Une déclaration d’amour au monde rural
Grande est l’importance du paysage dans ce récit de l’enfance et de l’adolescence de l’autrice. Marion Fayolle dit qu’elle a décidé d’en faire un roman parce qu’elle n’arrivait pas à dessiner les paysages (c’est vrai qu’il y en a peu dans ses romans graphiques). Elle rend ici hommage à ce monde de taiseux, de travailleurs acharnés qui vivent sans jamais prendre de vacances, entièrement dévoués à leur besogne. En quinze courts chapitres, Marion Fayolle dresse un tableau sincère et poétique de ces personnages tous faits « du même bois ».
Les Amours suspendues
Marion Fayolle
Magnani, 2017
Jeu de séduction
Un homme marié ne peut s’empêcher de vivre des histoires avec d’autres femmes, mais, pour ne pas tromper la sienne, il met fin à ces aventures dès qu’elles deviennent sérieuses. C’est comme s’il figeait ses sentiments au moment où l’attirance est à son comble, se protégeant ainsi d’une éventuelle déception, et gardant intact le réconfort que lui apportent ces histoires d’amour platoniques. Il conserve précieusement ces « amours suspendues » dans une chambre secrète de sa mémoire, où il se réfugie quand il est triste.

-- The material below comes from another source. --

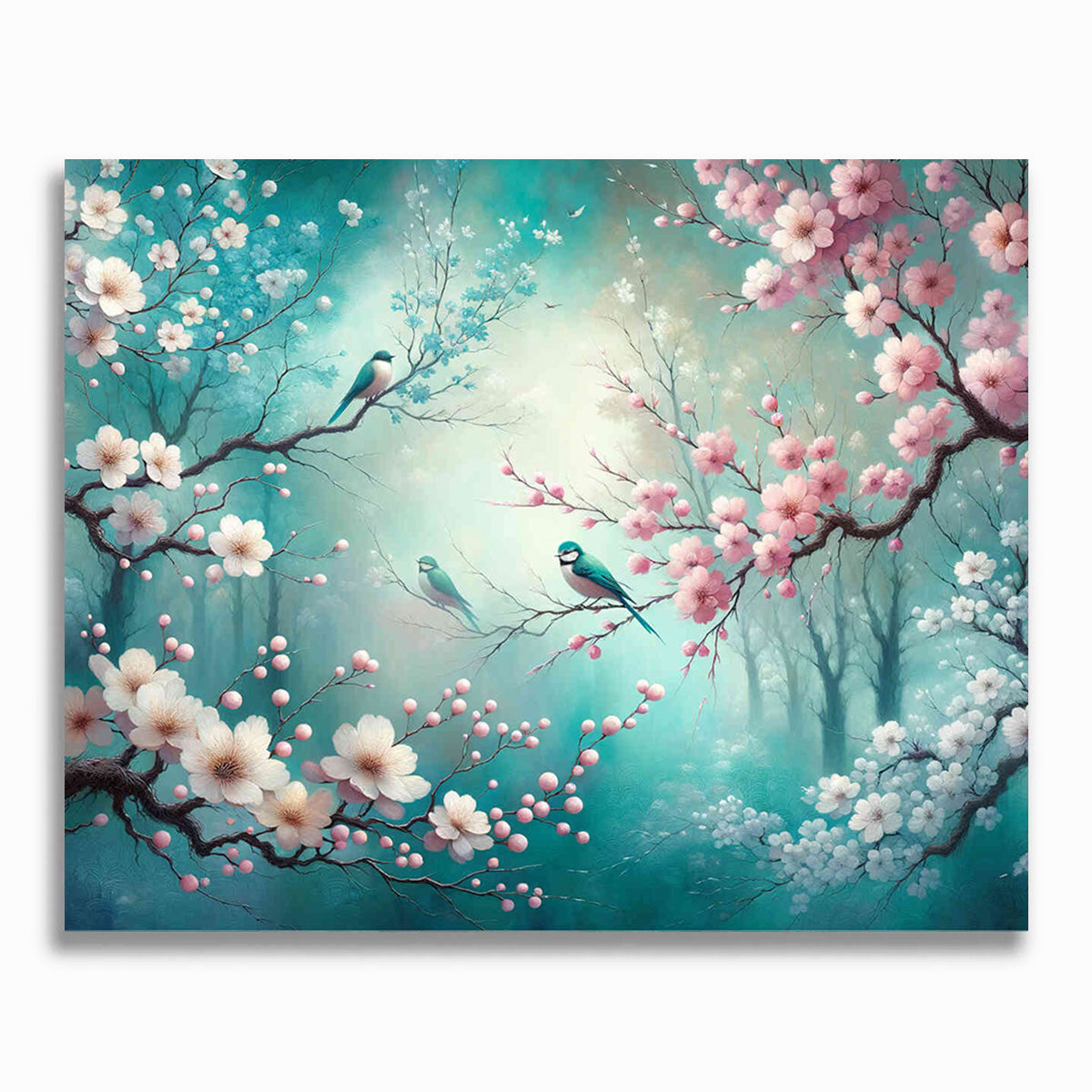 Malen nach Zahlen - Blumen und Vögel, Türkis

Une comédie musicale dessinée
Pour donner une dimension supplémentaire à son roman graphique, l’autrice a choisi d’y intégrer des chansons et de dessiner les personnages en train de chanter et danser, en faisant ainsi la première comédie musicale dessinée au monde. « Sans la musique, c’était un gros défi ! J’ai hésité à prendre des chansons existantes, mais comme j’aime la difficulté, je me suis lancée. »

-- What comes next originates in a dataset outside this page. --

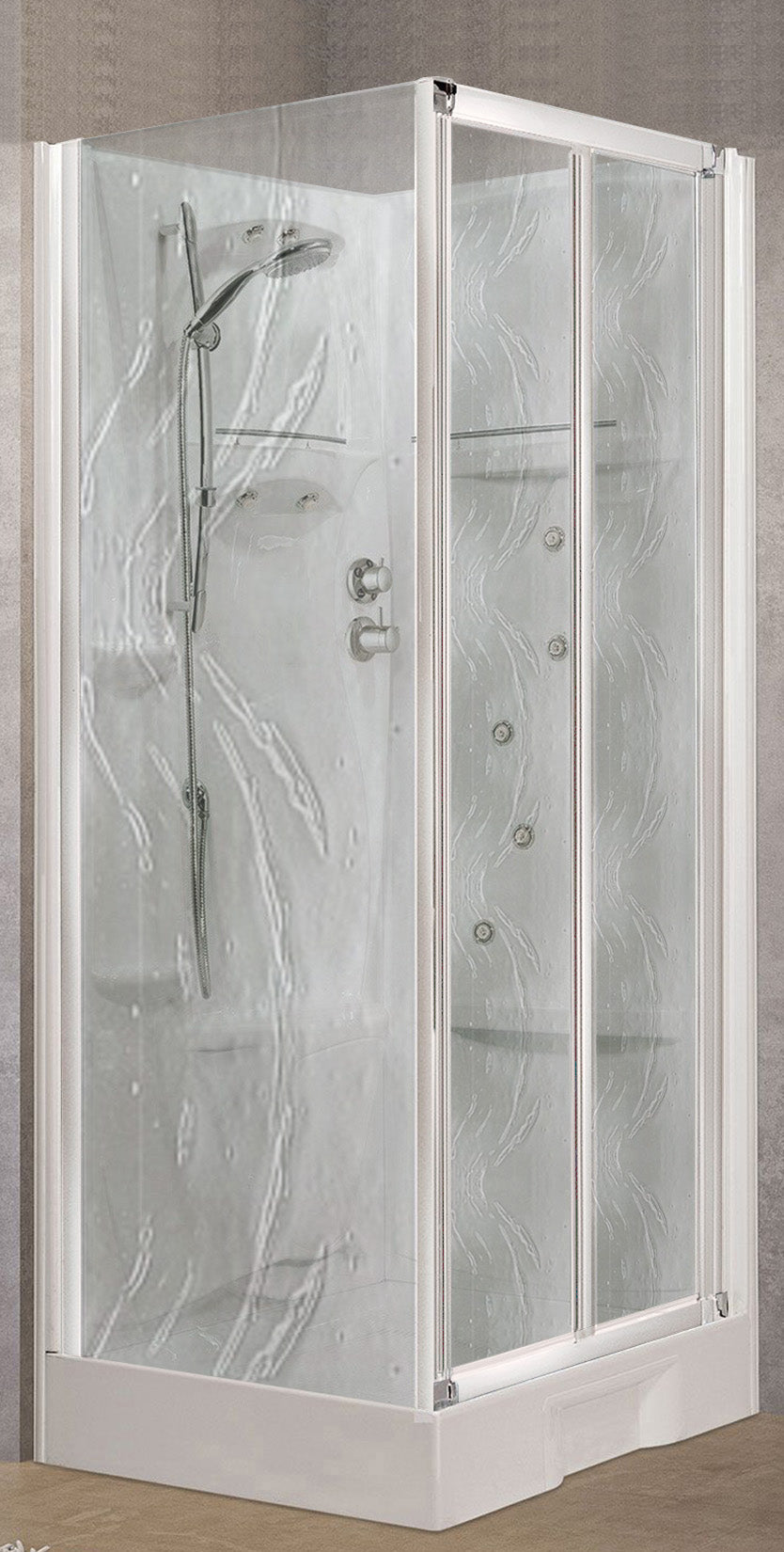 Novellini New Holiday SF Idromassaggio 100x80 cm Cabina Doccia Multifunzione Apertura 2 Ante Soffietto 1 Parete Fissa Laterale Pannelli Reversibili Miscelatore Termostatico Vetro Aqua Profilo Bianco Piatto Ripiani Asta Doccetta Rotopioggia Altezza 206 cm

Un dessin reconnaissable entre mille
Que ce soit dans L’Homme en Pièce (Michel Lagarde), La Tendresse des pierres (Magnani), Les Faux pas (Magnani), ou encore La Maison nue (qui faisait partie de la sélection du Festival d’Angoulême en 2023), Marion Fayolle fait preuve d’une simplicité et une authenticité touchantes, montrant à la fois les failles des personnages, mais aussi leurs rêves, leurs échecs et leurs espoirs. Elle s’accorde une grande liberté dans ses dessins, qui glissent parfois insensiblement du figuratif au surréaliste, et n’hésite pas à s’amuser avec les corps de ses personnages en les transformant, en les déstructurant, et même parfois en les agglomérant, comme s’ils étaient des marionnettes sous son crayon.